Other pieces of the book that are each insightful gems include the need to legalize drugs and recognize the mutual benefits of immigration; the long-term implciations of the US creating gangs that return home and are a lost generation; the US anti-abortion policies that are institutionalized and further diminish local populations in their ability to heal and make progress; and of course the failure of the Catholic Church with was on the right track with liberation theology until the Church sold the people out to its banking interests.

The author concludes on a positive note, suggesting that US policy has been ignorant and militaristic and is now being firmly and broadly rejected across Latin American. The sun is setting on the US Empire, and it is setting first in Latin America.

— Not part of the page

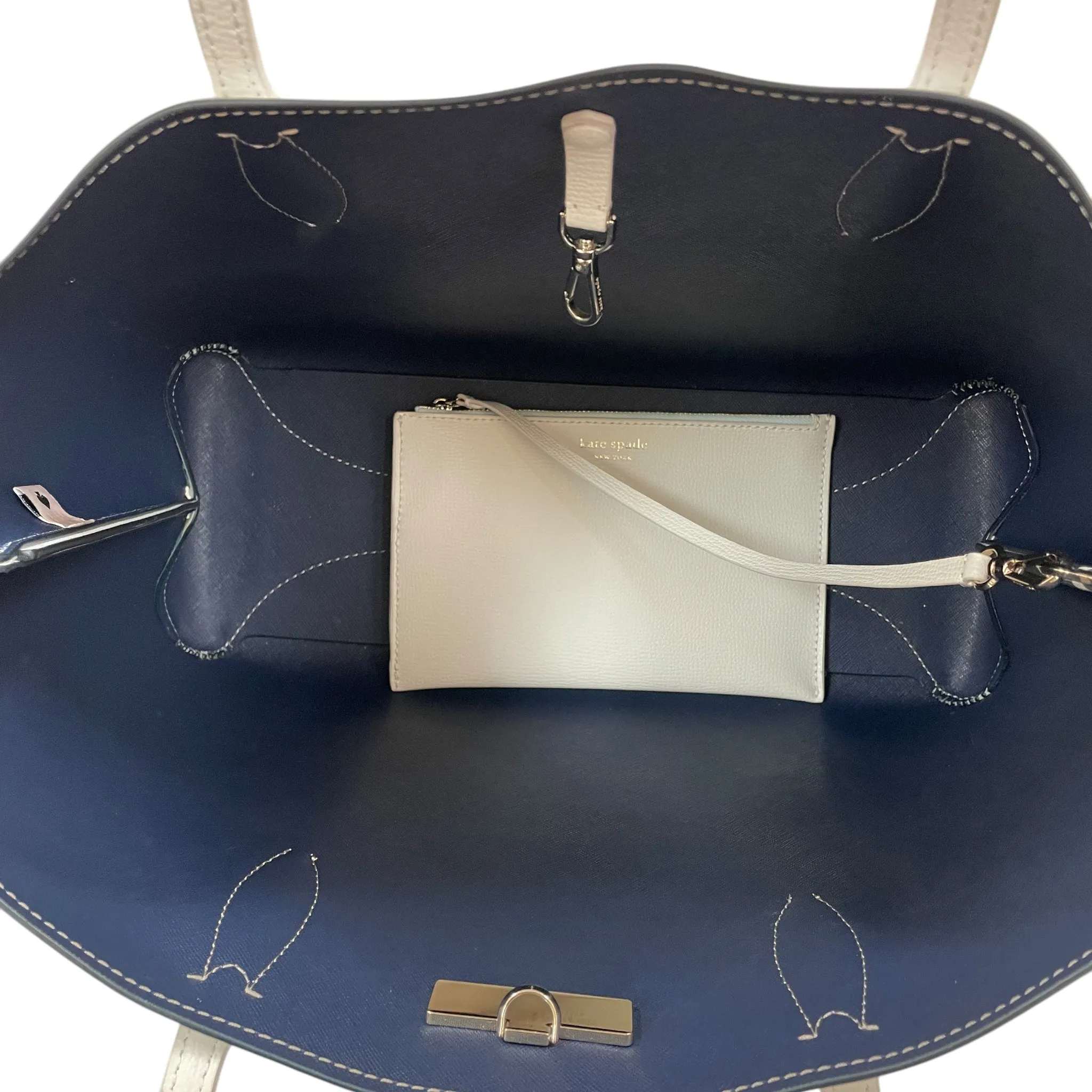 Handbag Designer By Kate Spade In White, Size:Medium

There are lists of suggestions in this book, and many wonderful quotes, I strongly recommend the book for use in schools, chambers of commerce, and as required reading for anyone traveling to Latin America whether on business or in tourism. We must stop lying to ourselves–as I like to say at Phi Beta Iota, the Public Intelligence Blog where all of my reviews can be accessed within any of 98 categories, “The truth at any cost reduces all other costs.”

One final quote and links:

QUOTE page 102. “We must first recognize the fraud that is perpetrated by corporate and governmental globalists who, while comfortably dealing with state terrorists from Saudi Arabia and Israel, reject the successful policies of Cuban agronomists, the equally successful experiments of Venezuelan economists, and the peaceful protests of Mexican farmers at Cancun.

See also Breaking the Real Axis of Evil: How to Oust the World's Last Dictators by 2025 and The Global Class War: How America's Bipartisan Elite Lost Our Future – and What It Will Take to Win It Back.

Great book, righteous, informative, and helpful.